Saturday, February 20, 2010

Ouch ... dates don't lie. It's been six months. But I'm going to write this anyway.

Most people would be embarrassed to have started a blog, let it go for a few months, then started again ever so enthusiastically, only to once again let it go for even longer. Six months, to be exact. But strangely, not me.

I feel a little lame, of course. Actually, a lot lame. But I know this blog is a good idea, so here I am again, Feb. 20, 2010, a whopping six months since my last post, getting back on the horse again.

If that doesn't inspire you to go ahead and do that thing you've been avoiding for so long, well, maybe something else will. But feel better knowing that you're not alone feeling lame about not doing something that you know is so good for you. You've probably let it go for so long that you're thinking to yourself, "What's the use? I'll just drop it again another time." That's what I've been thinking about this blog, anyway, for last three months or so. So, know you're not alone.

Naturally, it's that thought that makes me stop thinking about this blog and avoid doing it. We make ourselves feel so bad about not doing what we've set out to do, whether it's keeping a journal, cleaning out our closets, or reconnecting with a loved one we've lost touch with, that we just keep on not doing those things, and keep on feeling bad about it anyway.

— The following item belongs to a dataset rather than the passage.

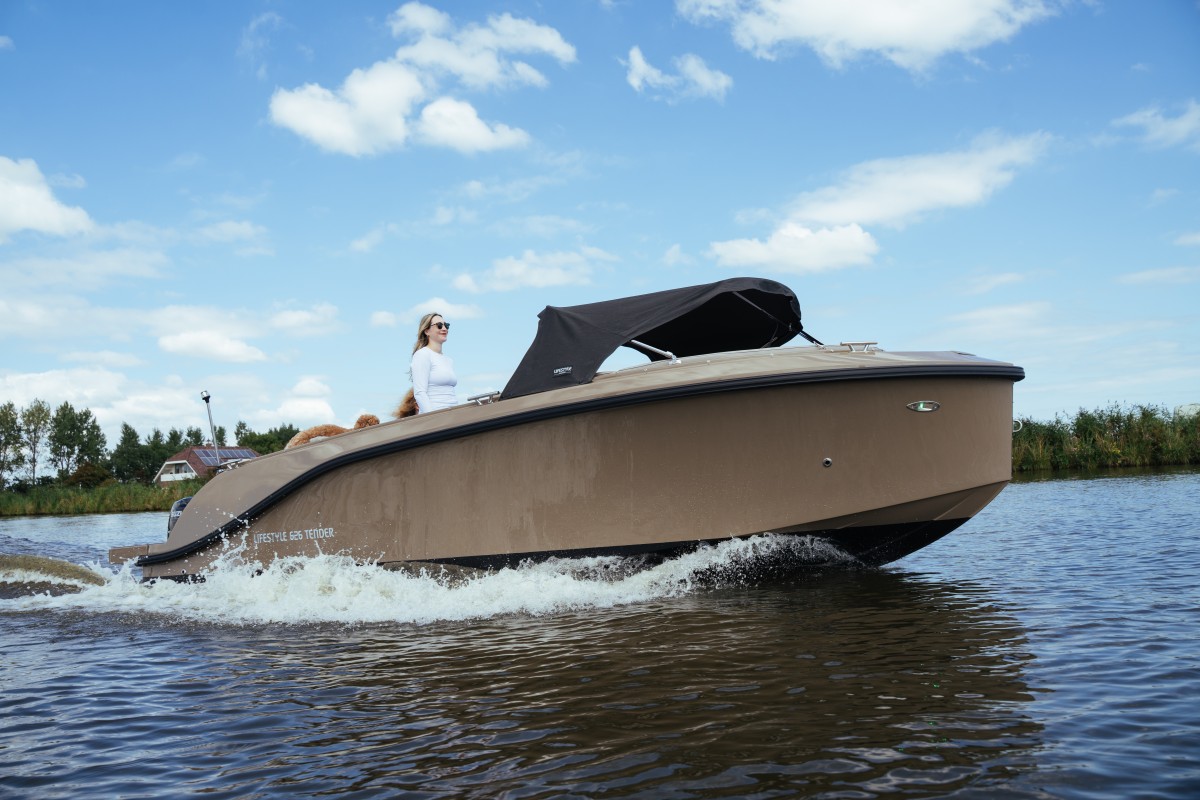 Lifestyle 626 Tender, boot varend op water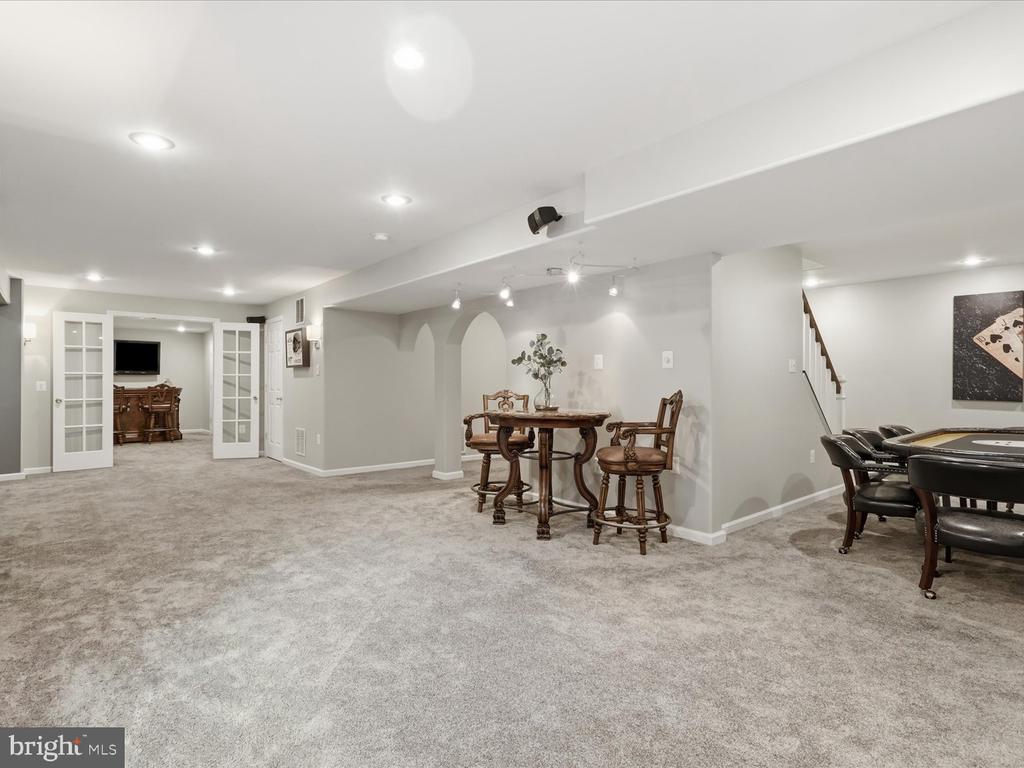 2856 MYRTLEWOOD DRIVE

Big or small, once we mess up -- or give up -- it becomes an easy excuse to keep up with the giving up (or the messing up, or whatever masochistic habit or lack of habit it may be).

Why are we like this? What's the secret to not being like this? I think the secret might be to have no shame. I thought I felt lame about starting this blog back up for the third time. But as I write this, I'm starting to see what I really feel lame about. And it it's not about starting this blog back up.

It's sharing that I've started this blog back up -- for the third time -- that makes me feel lame. It's thinking about what my friends and family will think when they get my enthusiastic e-mail that, "It's true! I've started my blog back up for the third time!"that makes me feel lame.

And so, the secret to not feeling lame, I've decided, is just have no shame. That's it.